# Records for the task
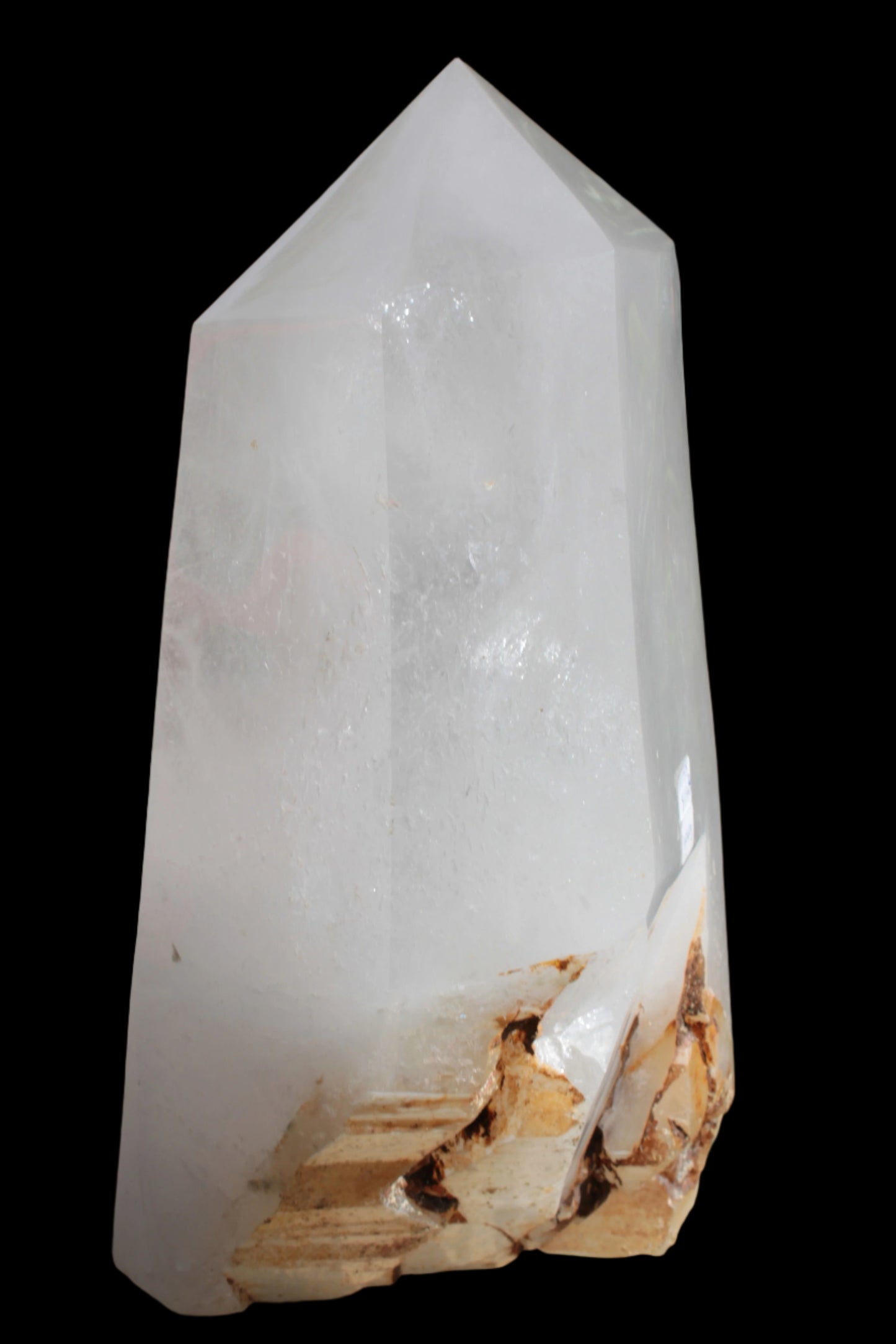 Clear White Quartz obelisk 14040g in sunlight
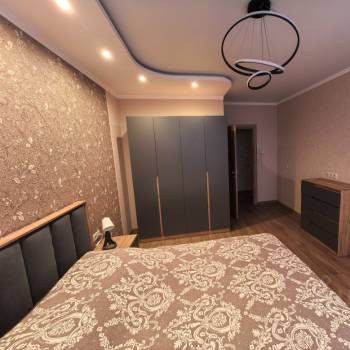 Сдается Многокомнатная квартира, 105 м²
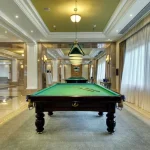 Більярдні столи у залі курортного комплексу Rixos-Prykarpattya у Трускавці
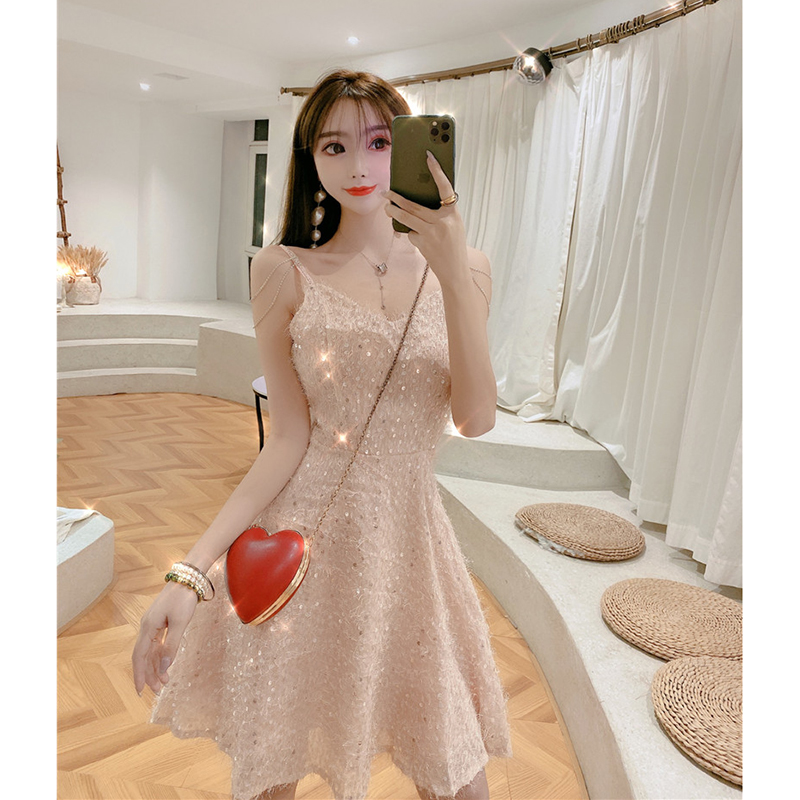 kudapy เดรสสั้นไปงานสีชมพูอมส้มอ่อน/สีขาว ผ้าขนฟรุ้งฟริ้งปักเลื่อม สายเดี่ยวตกแต่งสายพลอยสังเคราห์ คอวี กระโปรงทรงเอ สวยสดใส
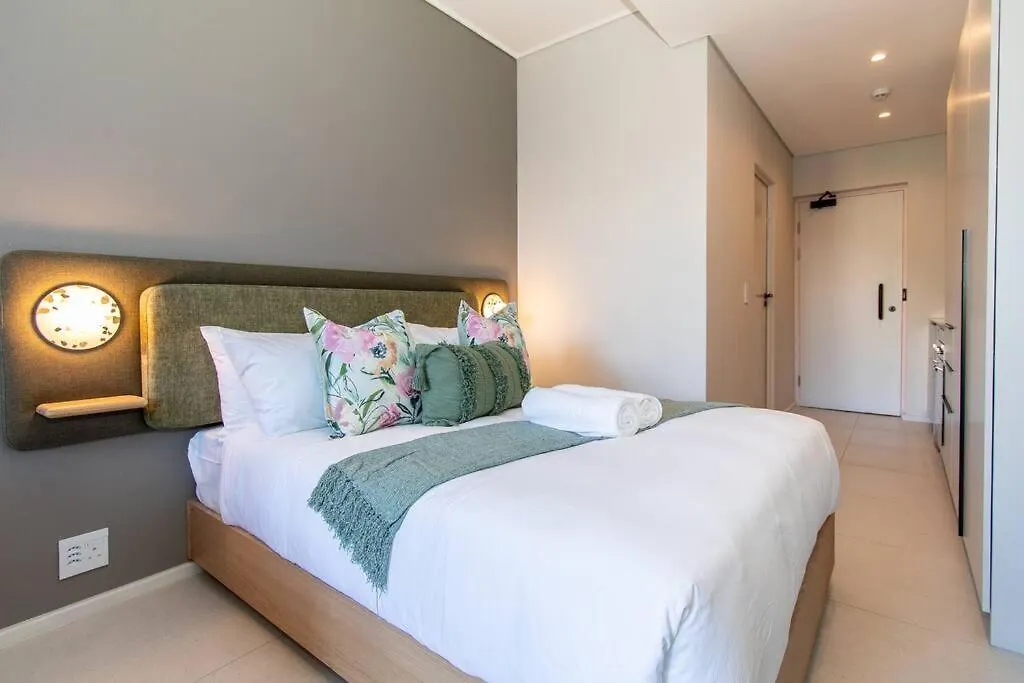 Apartment Living In The Rose De Waterkant. Cape Town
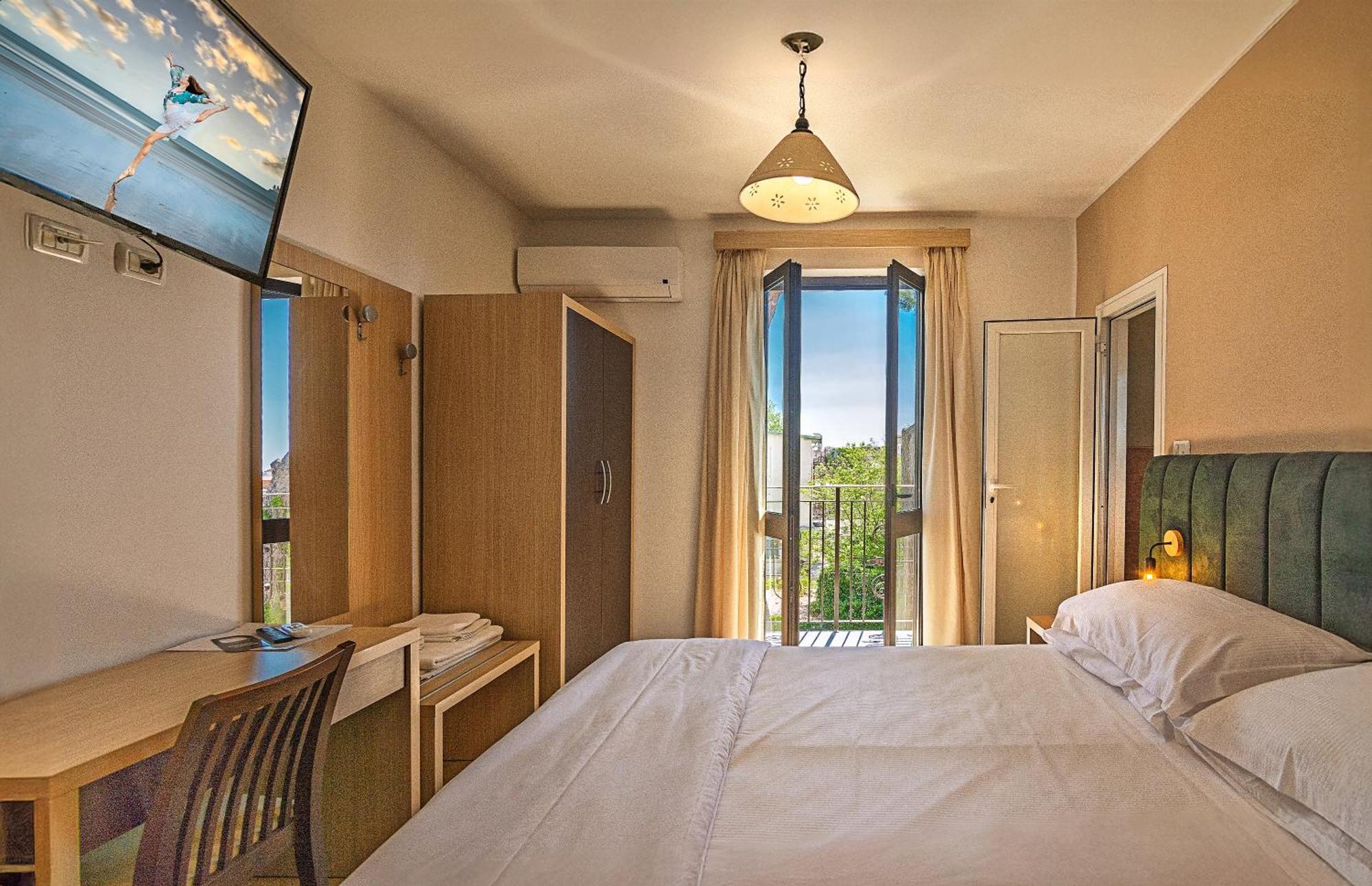 Hotel Virginia Marina di Massa Eksteriør billede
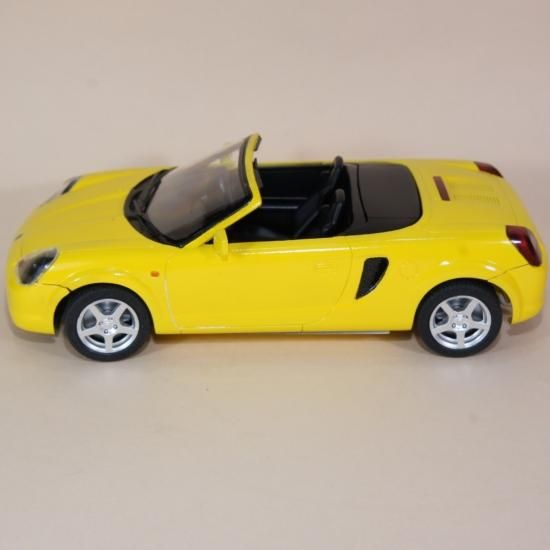 模型工房 ぶっぴ 塗装・組立済みフジミ製1/24トヨタMR-S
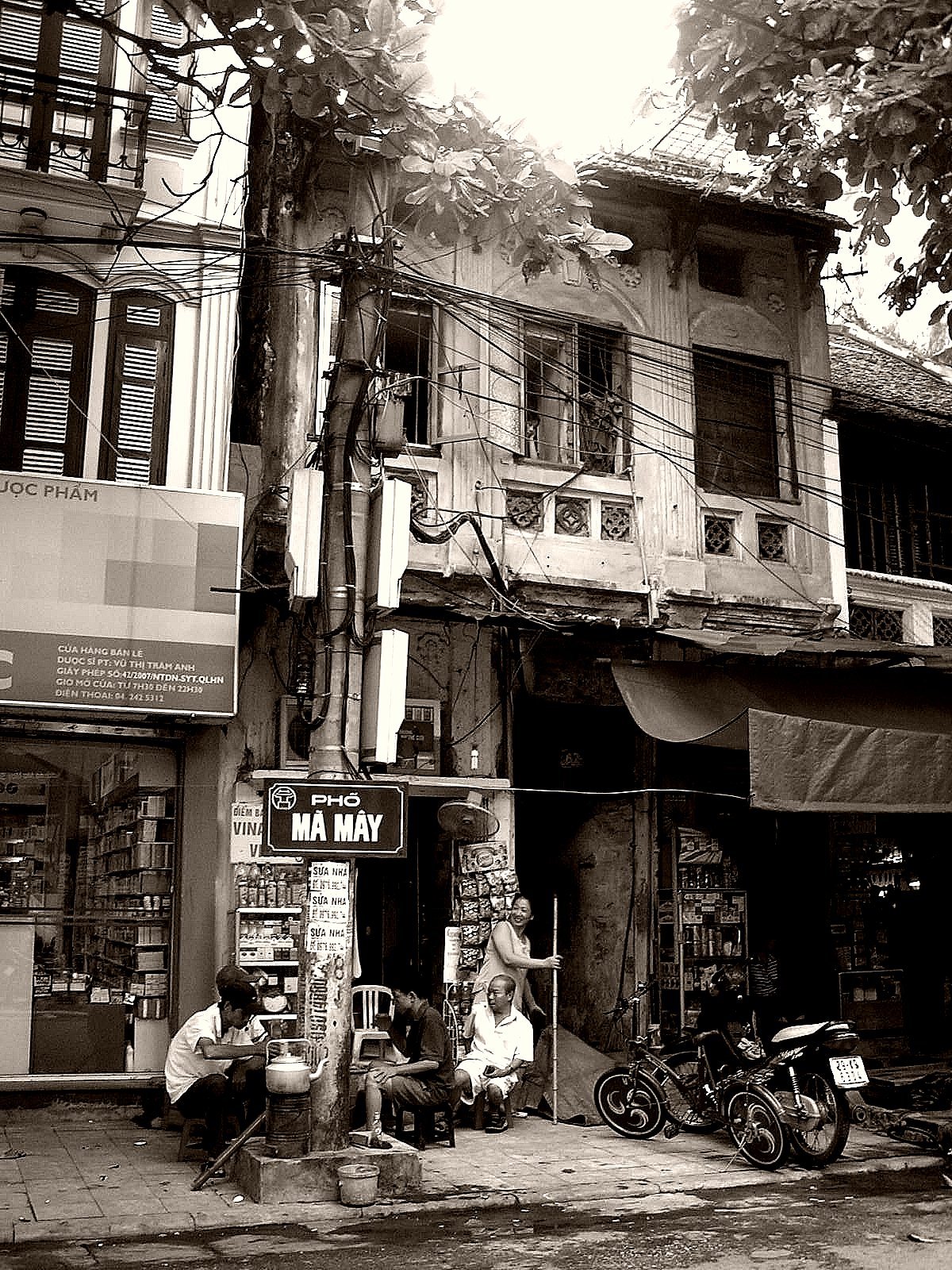 The ancient architecture is an undeniable characteristic of the Old Quarter. The small, narrow-front...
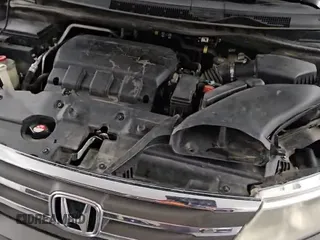 2013 Honda Odyssey EX-L z VIN 5FNRL5H68DB084399, wystawiony jako Copart lot #71293185 z przebiegiem 210 097 mil mil oraz Czysty tytuł • Clean title. Historia ofert i sprzedaży dostępna na DreamBid. Obrazek 14.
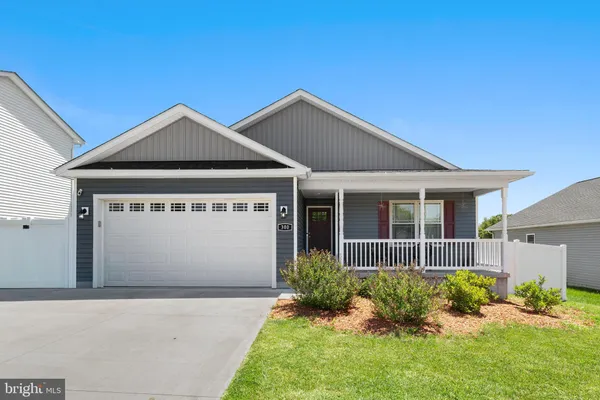$370,000 | 300 Stonewall Street, Strasburg, VA 22657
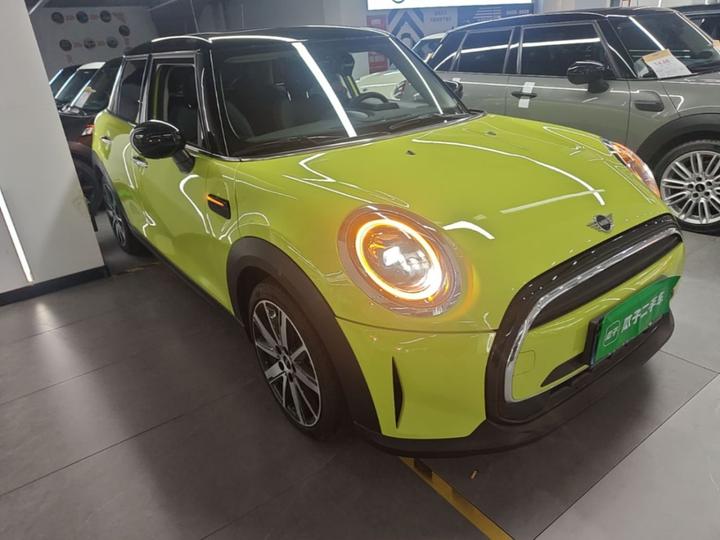 2023 Facelift 1.5T COOPER 5-Door photo 3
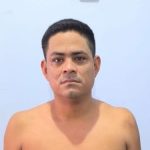 Imagem colorida mostra Charlei França de Lima, de 35 anos, procurado em decorrência de um crime de estupro envolvendo a própria sobrinha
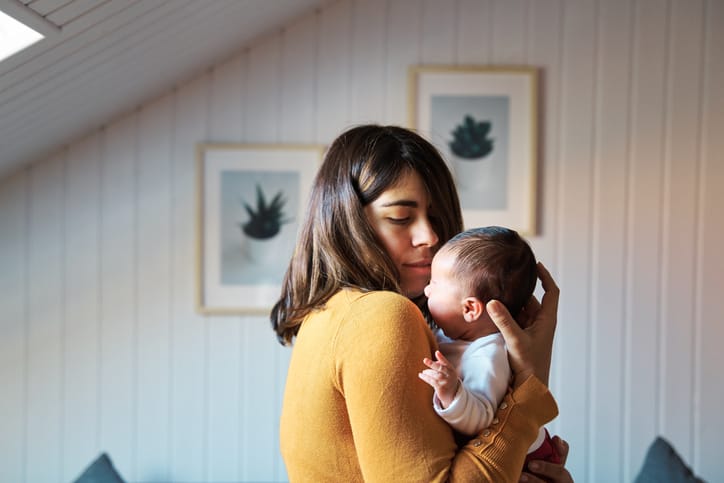 Photo shows a mother comforting her crying newborn/Getty Images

# Exercise requirements
Output, exactly and with no pictures, every line from the one that contains "Більярдні столи у" through the final line of the entries.

# Written answer
 Більярдні столи у залі курортного комплексу Rixos-Prykarpattya у Трускавці
 kudapy เดรสสั้นไปงานสีชมพูอมส้มอ่อน/สีขาว ผ้าขนฟรุ้งฟริ้งปักเลื่อม สายเดี่ยวตกแต่งสายพลอยสังเคราห์ คอวี กระโปรงทรงเอ สวยสดใส
 Apartment Living In The Rose De Waterkant. Cape Town
 Hotel Virginia Marina di Massa Eksteriør billede
 模型工房 ぶっぴ 塗装・組立済みフジミ製1/24トヨタMR-S
 The ancient architecture is an undeniable characteristic of the Old Quarter. The small, narrow-front...
 2013 Honda Odyssey EX-L z VIN 5FNRL5H68DB084399, wystawiony jako Copart lot #71293185 z przebiegiem 210 097 mil mil oraz Czysty tytuł • Clean title. Historia ofert i sprzedaży dostępna na DreamBid. Obrazek 14.
$370,000 | 300 Stonewall Street, Strasburg, VA 22657
 2023 Facelift 1.5T COOPER 5-Door photo 3
 Imagem colorida mostra Charlei França de Lima, de 35 anos, procurado em decorrência de um crime de estupro envolvendo a própria sobrinha
 Photo shows a mother comforting her crying newborn/Getty Images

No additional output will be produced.